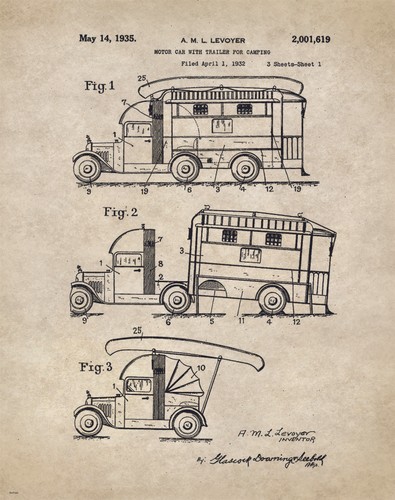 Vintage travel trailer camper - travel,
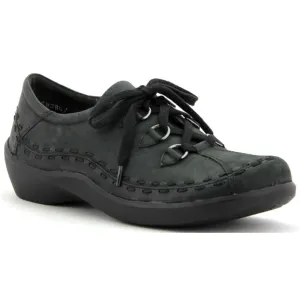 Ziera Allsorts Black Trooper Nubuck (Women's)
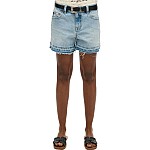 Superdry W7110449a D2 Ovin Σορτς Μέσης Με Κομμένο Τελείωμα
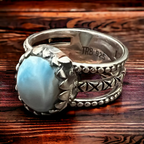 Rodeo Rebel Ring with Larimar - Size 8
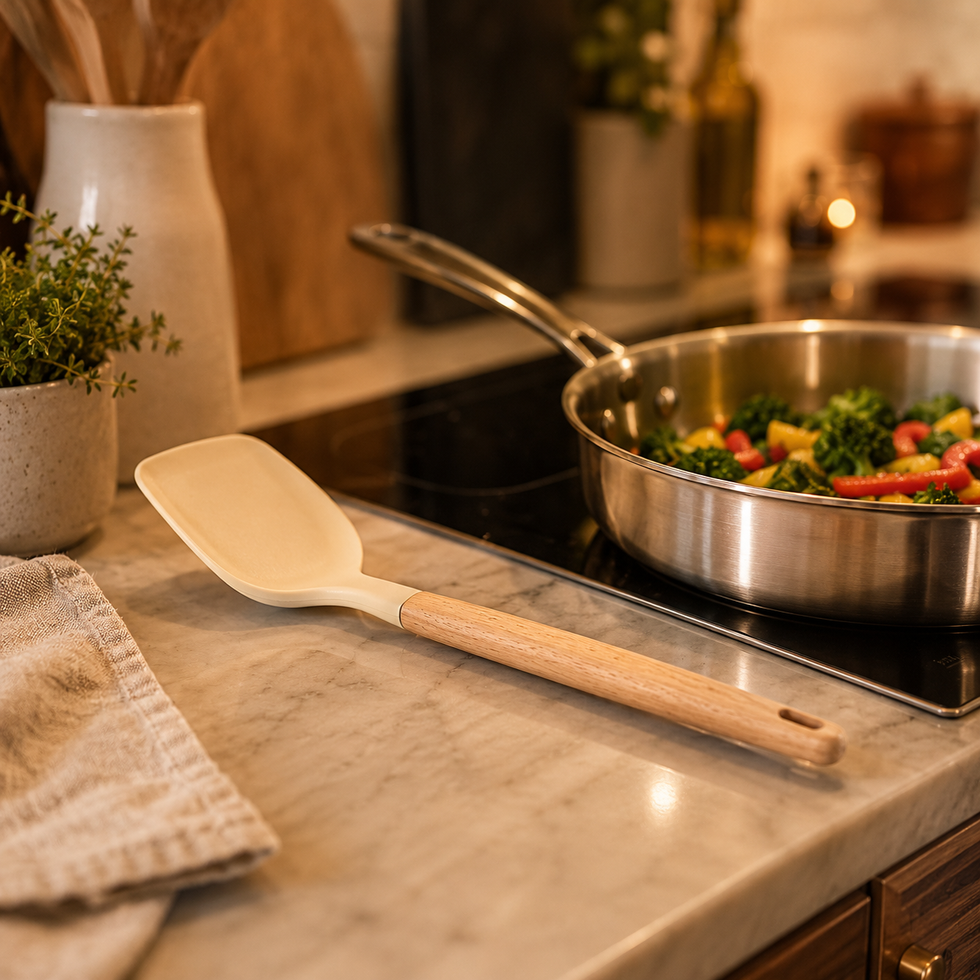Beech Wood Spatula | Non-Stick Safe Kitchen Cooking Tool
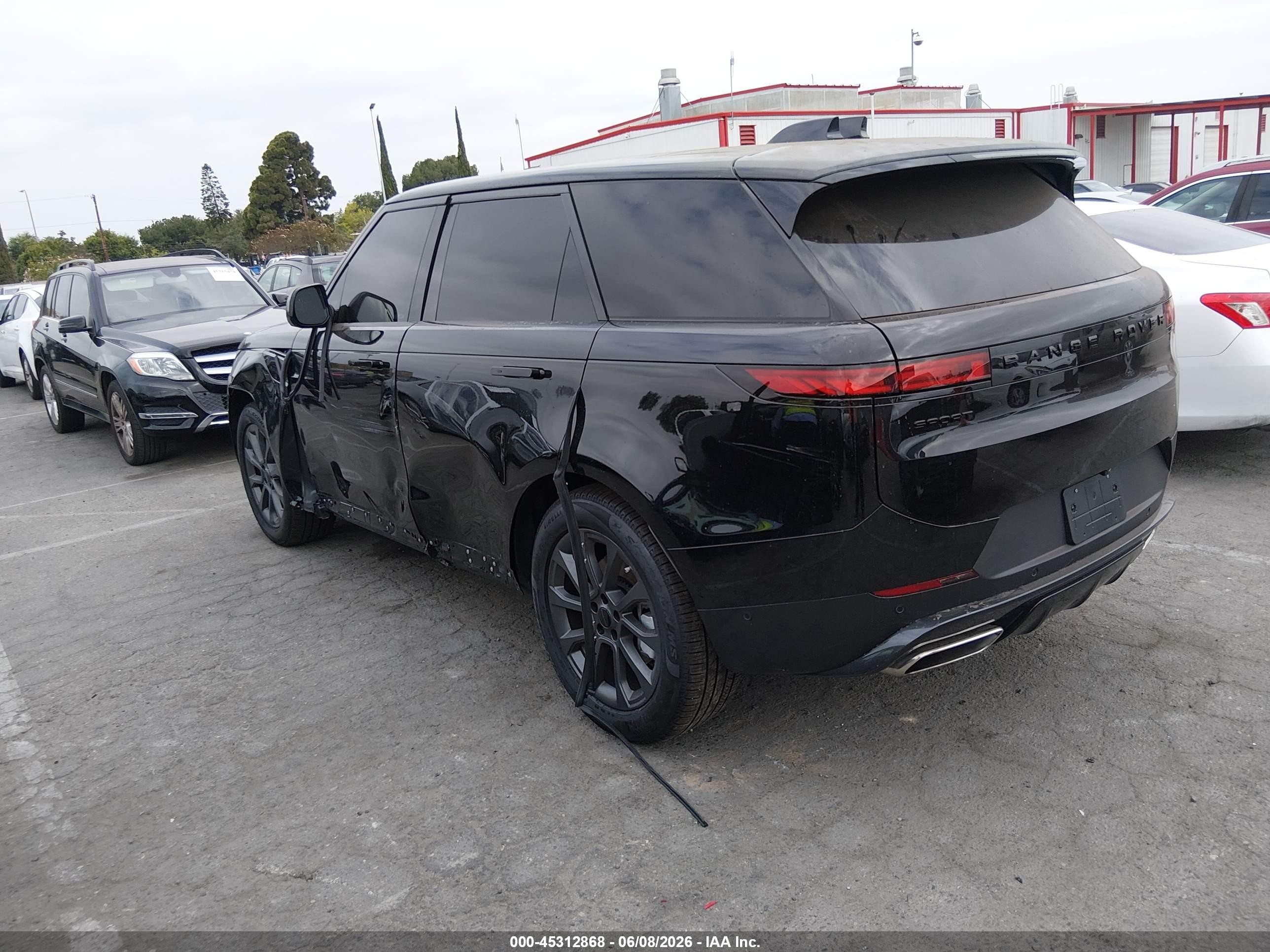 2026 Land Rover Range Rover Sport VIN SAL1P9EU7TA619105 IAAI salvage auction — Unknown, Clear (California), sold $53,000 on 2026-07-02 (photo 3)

Task item —
Return each of the lines exactly as they appear above, with no images.

Problem solution —
 Vintage travel trailer camper - travel,
 Ziera Allsorts Black Trooper Nubuck (Women's)
 Superdry W7110449a D2 Ovin Σορτς Μέσης Με Κομμένο Τελείωμα
 Rodeo Rebel Ring with Larimar - Size 8
Beech Wood Spatula | Non-Stick Safe Kitchen Cooking Tool
 2026 Land Rover Range Rover Sport VIN SAL1P9EU7TA619105 IAAI salvage auction — Unknown, Clear (California), sold $53,000 on 2026-07-02 (photo 3)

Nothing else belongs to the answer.